In diesen kritischen Augenblick und als es wahrscheinlich schien, dass Sir Jocelyn wegen seines ritterlichen Einschreitens das Schicksal des Gesandten heilen werde, da er sich entschlossen zeigte, ihn mit seinen Leben zu verteidigen, wurde ein Schrei erhoben, dass sich eine Abteilung der königlichen Garde näherte. Als das Stampfen der Pferde, von dem Klirren der Schwerter begleitet, keinen Zweifel daran übrig ließ und die kühnen Lehrlinge überdies keine Neigung empfanden, sich in einen Kampf mit dem regulären Militär einzulassen, so ließen sie augenblicklich ihre Beute fahren und liefen davon, indes der größte Teil von ihnen über die Hecke sprang, die damals an der Nordseite von Holborn stand und sich nach allen Richtungen über die Felder zerstreute.
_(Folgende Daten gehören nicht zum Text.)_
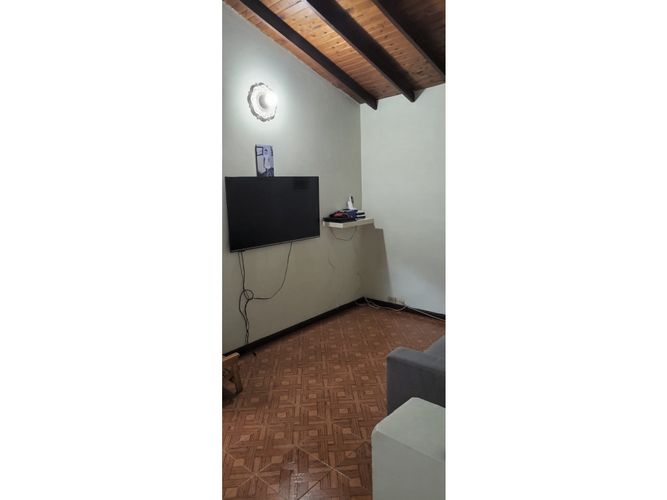 Casa de 5 alcobas en venta en La Milagrosa, Medellín, 126 m² · foto 7 de 16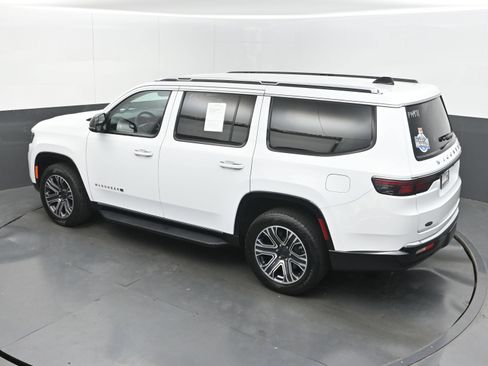 Used 2024 Jeep Wagoneer Series II w/ Flexible Seating Group RWD image 35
Ein halbes Dutzend von ihnen wurde von der Garde gefangen genommen. Unter diesen befand sich, wie wir leider berichten müssen, Dick Taverner, der Anführer der lärmenden Gesellschaft.
»Du wirst wahrscheinlich mit dem Pranger, mit der Peitsche, wenn nicht mit dem Henker Bekanntschaft machen, Freund!«, sagte lachend der Soldat, der ihn gefangen nahm.
»So beginne ich zu fürchten«, versetzte Dick. »Ach! Was wird aus Gillian werden!«
»Wenn das der Name seiner Geliebten ist, Freund, so hättest du an sie denken sollen, ehe du dich in diese Sache einließest. Du wirst wahrscheinlich auf immer von ihr getrennt werden.«
Während Dick seine Lage beklagte, wendete sich der Graf von Gondomar, der nun von aller Furcht befreit war, zu seinem Retter, reichte ihm seine Hand hin und sagte: »Ihr habt Euch auf edle Weise gerächt, Sir Jocelyn. Ich hoffe, wir werden wieder Freunde sein. Ich werde das Unrecht, welches ich Euch getan habe, reichlich wieder gut machen.«
Aber der junge Ritter legte seine Arme über der Brust zusammen und entgegnete streng: »Wenn Ihr das Unrecht wieder gut gemacht habt, Graf, werde ich vielleicht Eure Hand annehmen, aber nicht eher.«
»Tretet wenigstens in mein Haus, wo Ihr vor Verhaftung gesichert sein werdet«, bat der Gesandte.
»Tragt kein Bedenken, Sir Jocelyn«, versetzte Lanyere. »Ihr seid in großer Gefahr.«
Aber der junge Ritter weigerte sich stolz. »Ich will Euch keinen Zufluchtsort verdanken, Graf«, sagte er, »bis mein Name von allem Vorwurf gereinigt ist.«
Und mit stolzem Gruß entfernte er sich.
Der spanische Gesandte zuckte die Achseln und blickte ihm mit geteilter Bewunderung und Verachtung nach.
Dann wendete er sich zu dem Ankläger und sagte: »Geht mit mir hinein, Lanyere, ich habe Euch etwas zu sagen.«
»Ich muss Eure Exzellenz bitten, mich für jetzt zu entschuldigen«, entgegnete dieser. »Ich habe dringende Geschäfte.«
Sich mit fast ebenso großem Stolz wie Sir Jocelyn verneigend, folgte er dem jungen Ritter.